# Need 1 inch fork advice



## merckxman (Jan 23, 2002)

I have this 1996 made for Cipollini Cannondale frame (photo is of BB; confirmed by Cannondale as made for Cipollini) that I have decided to go ahead and build up. It's 57CM and weighs 3 lbs exactly so I would like to use it as the starting point for a lightweight project (I know it's not the best starting point but I think it's reasonably light). Head tube is for 1 inch fork. What would be your recommendation for a lightweight fork to go along with this frame? 



Thanks!


----------



## Juanmoretime (Nov 24, 2001)

*Easton EC90SL*

I have a 2005 SL and an SLX, unfortunately the SLX doesn't come in one inch. My SL came in 333 grams before cutting and have been every bit as good as the Reynolds Ouzo Pro it replaced. To date I've put about 4,500 miles on this fork. I did go with the straight leg version although it does come in curved. The can be found new for a little over $200 on Ebay just make sure you get the 2005 or 2006 version.


----------



## fosbibr (Aug 29, 2005)

*2nd the Easton Recommendation*

Just got one for a Merckx that I have. Its nice. Colorado Cyclist had them on sale for a good price..


----------



## jtferraro (Jun 28, 2002)

Merckxman...I know my neighbor sold a C'dale Cipollini frame on eBay. Maybe you're the proud new owner? Do you know who/where you bought it? Just curious.


----------



## merckxman (Jan 23, 2002)

*If I recall,*

...it was a guy in CT. Maybe 2 years ago now...


jtferraro said:


> Merckxman...I know my neighbor sold a C'dale Cipollini frame on eBay. Maybe you're the proud new owner? Do you know who/where you bought it?
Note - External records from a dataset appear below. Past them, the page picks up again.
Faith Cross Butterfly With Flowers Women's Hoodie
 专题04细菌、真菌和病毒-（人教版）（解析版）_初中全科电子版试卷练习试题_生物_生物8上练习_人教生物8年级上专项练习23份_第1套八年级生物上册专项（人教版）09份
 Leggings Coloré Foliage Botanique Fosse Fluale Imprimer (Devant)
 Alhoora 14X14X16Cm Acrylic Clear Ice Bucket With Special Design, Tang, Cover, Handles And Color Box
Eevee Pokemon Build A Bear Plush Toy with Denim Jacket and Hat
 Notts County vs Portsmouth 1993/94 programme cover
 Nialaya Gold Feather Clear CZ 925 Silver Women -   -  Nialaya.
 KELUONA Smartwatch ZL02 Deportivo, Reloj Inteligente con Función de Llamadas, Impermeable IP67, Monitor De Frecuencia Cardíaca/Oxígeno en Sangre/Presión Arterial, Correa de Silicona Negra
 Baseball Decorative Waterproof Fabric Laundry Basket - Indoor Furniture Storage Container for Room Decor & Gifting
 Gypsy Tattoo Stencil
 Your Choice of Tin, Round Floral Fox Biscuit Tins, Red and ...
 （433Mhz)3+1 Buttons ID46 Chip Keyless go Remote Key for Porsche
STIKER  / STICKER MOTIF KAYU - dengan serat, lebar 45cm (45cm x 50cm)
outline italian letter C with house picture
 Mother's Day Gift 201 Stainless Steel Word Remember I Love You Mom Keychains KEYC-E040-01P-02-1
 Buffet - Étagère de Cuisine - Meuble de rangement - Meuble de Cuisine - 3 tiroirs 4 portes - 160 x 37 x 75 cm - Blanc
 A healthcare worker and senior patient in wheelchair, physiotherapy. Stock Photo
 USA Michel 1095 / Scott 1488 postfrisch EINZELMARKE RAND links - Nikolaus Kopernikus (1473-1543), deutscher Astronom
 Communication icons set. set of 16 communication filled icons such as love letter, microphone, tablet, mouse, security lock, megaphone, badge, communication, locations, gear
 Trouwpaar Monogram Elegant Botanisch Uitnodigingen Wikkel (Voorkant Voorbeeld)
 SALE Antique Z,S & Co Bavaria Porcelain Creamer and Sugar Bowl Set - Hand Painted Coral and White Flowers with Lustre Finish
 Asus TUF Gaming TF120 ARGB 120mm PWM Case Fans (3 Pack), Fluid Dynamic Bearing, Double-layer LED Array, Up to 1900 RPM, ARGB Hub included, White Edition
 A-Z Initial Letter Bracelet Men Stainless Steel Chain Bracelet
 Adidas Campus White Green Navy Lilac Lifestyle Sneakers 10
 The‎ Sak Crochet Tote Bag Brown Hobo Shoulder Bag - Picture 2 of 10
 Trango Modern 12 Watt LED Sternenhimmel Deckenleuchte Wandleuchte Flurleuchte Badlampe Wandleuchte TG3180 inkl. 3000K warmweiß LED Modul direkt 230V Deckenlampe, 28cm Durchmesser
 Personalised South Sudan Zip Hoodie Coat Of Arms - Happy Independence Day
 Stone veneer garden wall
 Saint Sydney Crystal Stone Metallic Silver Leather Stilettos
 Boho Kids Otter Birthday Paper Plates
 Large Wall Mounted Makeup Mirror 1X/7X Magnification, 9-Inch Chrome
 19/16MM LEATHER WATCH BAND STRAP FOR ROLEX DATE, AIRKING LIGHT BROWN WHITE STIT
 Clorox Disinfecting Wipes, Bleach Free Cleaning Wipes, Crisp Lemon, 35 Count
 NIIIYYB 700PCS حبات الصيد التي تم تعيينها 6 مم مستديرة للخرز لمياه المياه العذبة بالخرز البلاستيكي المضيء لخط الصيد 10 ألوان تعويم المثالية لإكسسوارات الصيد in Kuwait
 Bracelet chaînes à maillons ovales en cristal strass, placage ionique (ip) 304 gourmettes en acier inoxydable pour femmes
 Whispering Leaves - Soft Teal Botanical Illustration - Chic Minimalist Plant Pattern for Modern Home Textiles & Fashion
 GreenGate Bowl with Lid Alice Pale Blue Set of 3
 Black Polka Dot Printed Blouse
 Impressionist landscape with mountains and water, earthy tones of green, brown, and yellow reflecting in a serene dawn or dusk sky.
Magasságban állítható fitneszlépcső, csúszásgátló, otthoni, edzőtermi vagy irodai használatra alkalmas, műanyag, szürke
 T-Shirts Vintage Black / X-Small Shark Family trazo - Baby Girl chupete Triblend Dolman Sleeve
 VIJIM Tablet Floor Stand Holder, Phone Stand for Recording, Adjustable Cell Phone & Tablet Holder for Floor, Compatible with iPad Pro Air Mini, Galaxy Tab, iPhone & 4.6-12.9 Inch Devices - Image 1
Just curious.


----------



## jtferraro (Jun 28, 2002)

merckxman said:


> ...it was a guy in CT. Maybe 2 years ago now...


Yup - must be him! I'll have to confirm it was 2 years ago. Small world!


----------



## merckxman (Jan 23, 2002)

*Thanks for advice...*

...I'm going to build it up little by little...


----------